Stress tests designed to assess the health of European banks have not taken some systemic risks into account, according to a major auditing report released today.
The European Court of Auditors (ECA) has found “shortcomings for assessing resilience against systemic risk” in the stress tests carried out by the European Banking Authority (EBA), raising questions over the risk-assessment measures that the body uses to predict how banks will perform under tough conditions.
According to the report, the EBA found that “negative effects of the shock were concentrated in several large economies most of which performed quite well during the last recession, rather than on the countries that were most affected by that crisis”.

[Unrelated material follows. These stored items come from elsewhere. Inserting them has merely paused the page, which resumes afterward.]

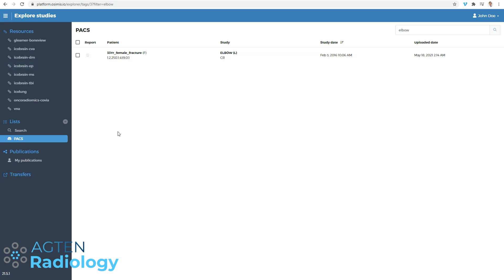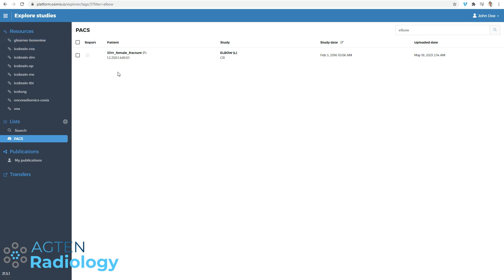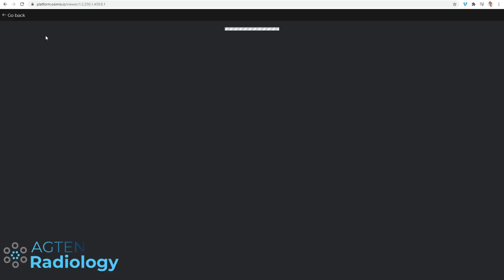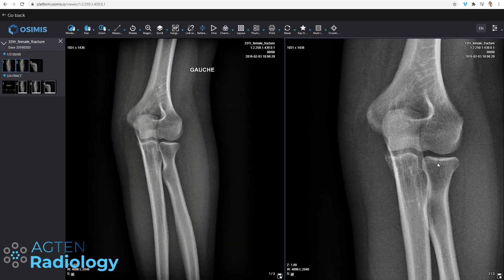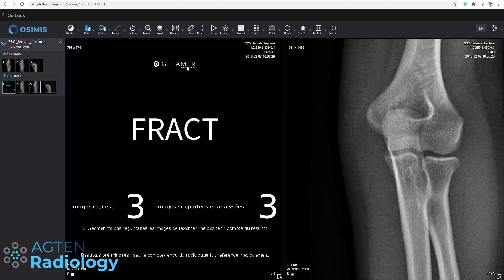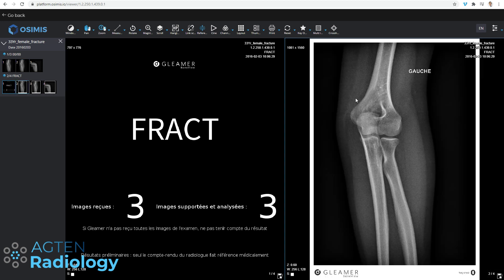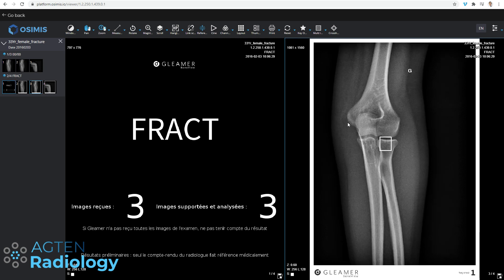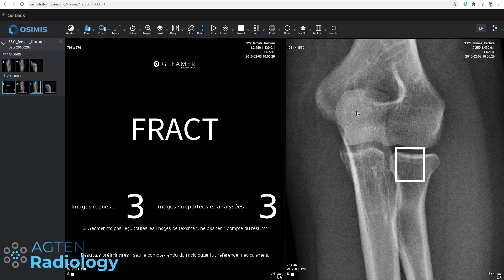Here we are in the CloudPACS by Osimis. This is their demo platform and it's quite nice because it has the Gleamer algorithm already included for test purposes. If you were working with this PACS system and Gleamer is activated, when you open a case — for example a female with elbow plain films — the result would already be here. We can see the fracture of the radial head. The algorithm provides this information with a bounding box showing where the fracture is actually detected, not just saying it's a fracture, but also showing where it's suspected to be.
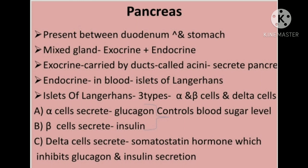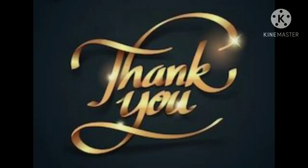This is all about the pancreas. Thank you all.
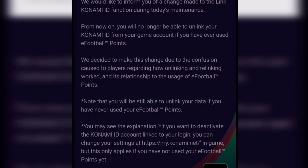Konami decided to make this change due to the confusion of players regarding how unlinking or relinking works and its relationship to the use of eFootball points. Know that you will still be able to unlink your data if you have never used eFootball points. So before I made this video, I could still unlink my Konami ID and use a different one, but at this point I can't unlink my data anymore.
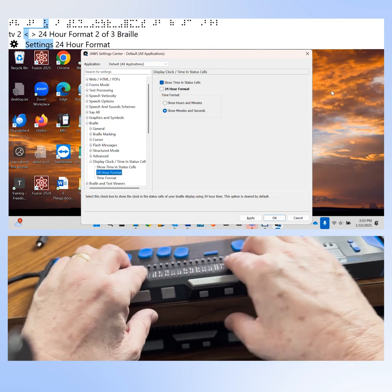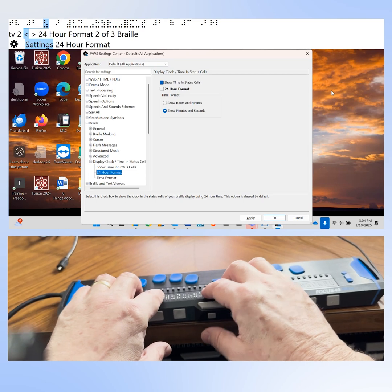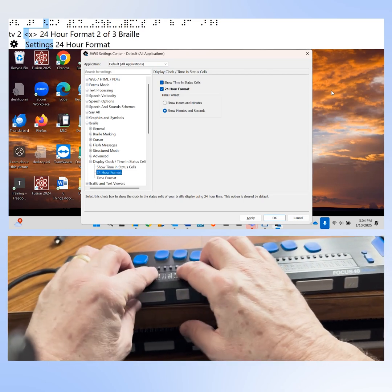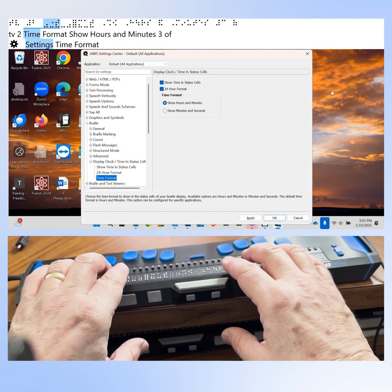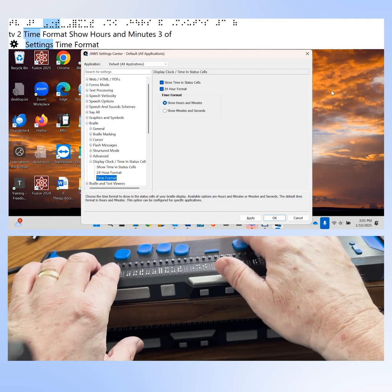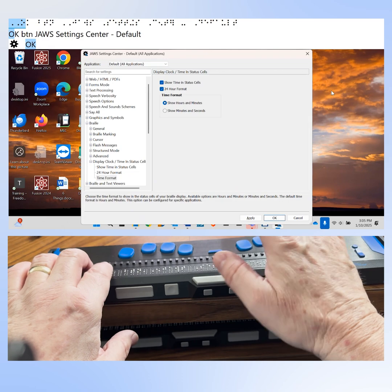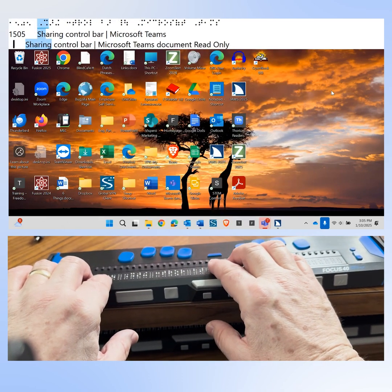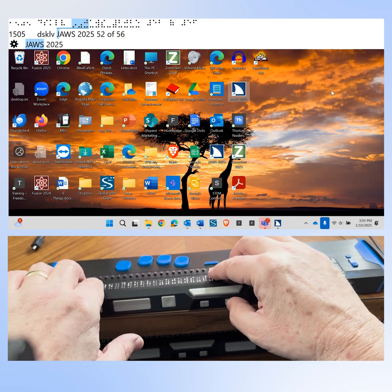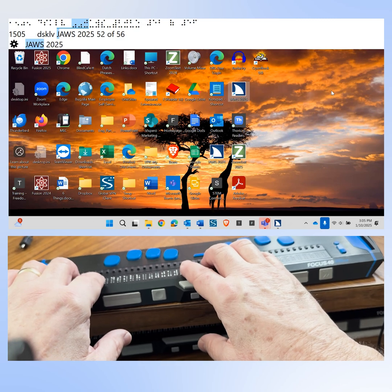The next option is 24 hour format, currently not checked. I can decide whether I want 12 or 24 hour format — I like 24 hour format, so I'm going to check this box by pressing space. Once we've set up the display the way we want, we can tab to the OK button and press space to apply. At the left end of the display you can now see the time in hours and minutes view. Using 24 hour time, right now it's 15:05.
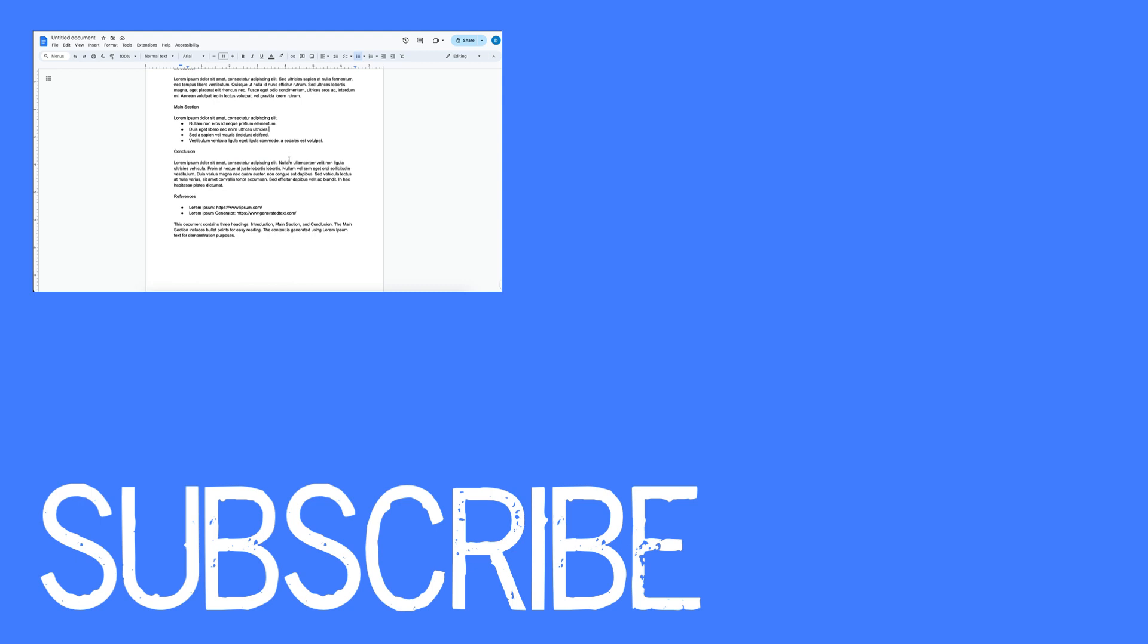If you found this video helpful, please click that like button and subscribe to this channel to view more helpful tips in the future. Also, please be sure to visit my website at therabbitpad.com.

The ECA added: “Owing to the lack of resources and the current governance arrangements, the EBA was not in a position to ensure ‘comparability and reliability of methods, practices and results’, as envisaged in the regulation. Instead, it had to rely primarily on national supervisors. On the positive side, a large amount of information was published.”
Late last year the EBA published results showing that every financial institution in the EU passed its “adverse scenario” stress tests in a report that was welcomed by the industry a decade on the financial crash.
All 48 of Europe’s biggest banks passed the major capital thresholds, beating the common tier ratio of 5.5 per cent under adverse stress.
British bank Barclays ranked lowest in the test, while troubled German lender Deutsche Bank had performed better than some forecasters had predicted.